Regarding gas production, at low substrate loading (ISR 1:1), the system produces methane with a yield of 6.2 mL/g VS at pH 6 and 3.3 mL/g VS at pH 5. At pH 6, the hydrogen yield was also lower than that of lower pH (4 and 5), which indicates that some of the hydrogens were consumed to produce methane by methanogens (Table 6). The decrease of VFA yield on the 12th day to 14th day was mainly caused by methane production.

On the other hand, at higher substrate loading (ISR 1:3), the methane was produced in a low amount with the yield of 0.4 mL/g VS at both pH 5 and 6 (Table 6). These results indicate that in order to suppress methane production to achieve high VFA production, the substrate should be loaded at high loading in order to suppress the growth of methanogenic community.

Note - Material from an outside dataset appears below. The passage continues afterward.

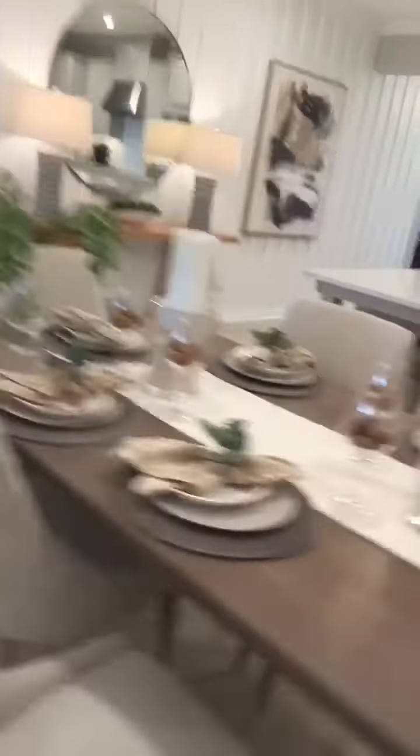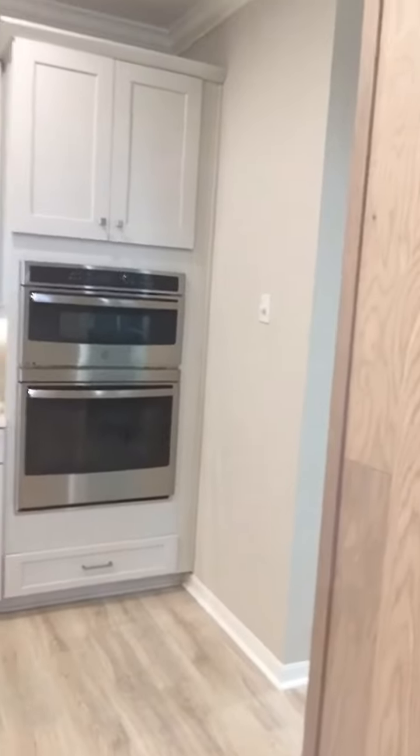Look at that — the dining table. This is the kitchen area. See that? You have your stove and you name it. This is awesome.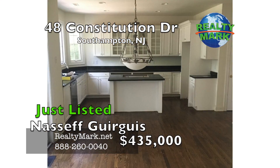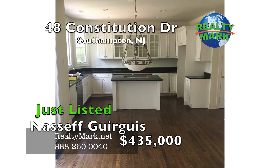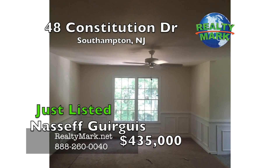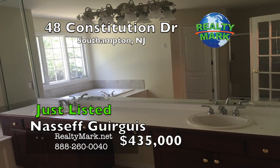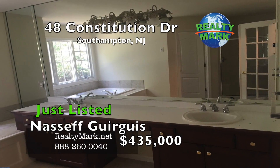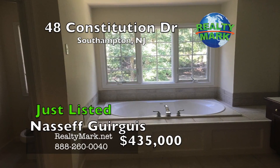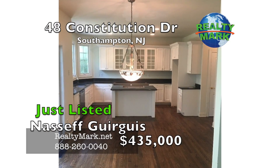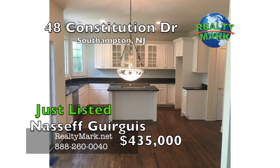Gourmet eating kitchen with custom cabinetry, all topped with granite and a new full appliance package. Huge master bedroom with his and her closets and a sitting room. Luxurious master bath with jacuzzi tub and separate tiled shower. Upstairs, three additional huge bedrooms. Dual-zone heating keeps utilities nice and low. The entire home has been freshly painted. New carpet as well as all hardwood floors have been refinished.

The importance of controlling pH on VFA production during digestion

pH is one of the crucial factors to achieve a high VFA yield. pH 6 has been shown to be a suitable condition to produce high yield VFA compared to lower pH (Figure 3). However, adjusting the initial pH, especially at high substrate loading (ISR 1:3), was not enough to achieve high VFA yield. As shown in Figure 5, initial pH adjustment at pH 6 without pH controlling (Figure 5(b)) during digestion give lower VFA yield (0.11 g VFA/g VS) compared to the reactor with pH control at 6 (Figure 5(d)) at 0.8 g VFA/g VS. On the other hand, controlling the pH was unnecessary at lower substrate loading (ISR 1:1) because it does not give a higher VFA yield (Figure 5(a,c)).

Figure 7.

Mass balance illustration of the reactor with pH controlled at 6 and ISR 1:3.

Effect of inoculum acclimatization on VFA production

In order to investigate the role of inoculum acclimatization, semi-continuous experiment with VFA extraction assisted by tubular membrane was carried out in 30 days. The first reactor (Figure 8(a)) was inoculated with the inoculum that had been fed with a high substrate loading for 14 days. Meanwhile, the second reactor was inoculated using fresh inoculum from a biogas reactor. As can be seen in Figure 8, acclimatization of inoculum was able to increase VFA production in the filtrate about 35 times from 0.45 g VFA/L into 16 g VFA/L. This result indicates that acclimatization of inoculum can shift the microbial community into VFA production instead of methane production. Another study [52] reported that the acclimatization process enriched the phylum Firmicutes (90%), followed by Bacteroidetes (12%) and Cloacimonetes (11%). The abundance of these phyla and their respective genera confirmed their preeminent role in hydrolysis, hydrogenogenic acidogenesis, and carboxylic chain elongation to produce hydrogen and C4–C7 fatty acids [52].

Figure 8.

VFA concentration in the permeate of reactors with (a) and without (b) inoculum acclimatization during semi-continuous anaerobic digestion of food waste at organic loading rate (OLR) 1.0 g VS/L.day. Ac: acetic acid, Pr: propionic acid, Bu: butyric acid, Iso-Bu: iso-butyric acid, Va: valeric acid, Iso-Va: iso-valeric acid, Ca: caproic acid.

Conclusion

The presence of BES in the anaerobic digestion of food waste was able to suppress methane production at low substrate loading (ISR 1:1). At high substrate loading (ISR 1:3), the methane production was suppressed by itself. However, at high substrate loading, the pH has to be controlled during the batch anaerobic digestion. The presence of O2 was able to suppress methane production at low substrate loading (ISR 1:1) without affecting the VFA yield while the composition was slightly affected. Acclimatization of inoculum was also favorable to achieve a higher VFA yield. In practical application, controlling the pH is most likely the most important factor determining the VFA yield. Besides, as oxygen does not have a significant effect on the VFA yield, the presence of little oxygen or opening the reactor for maintenance does not harm the digestion process.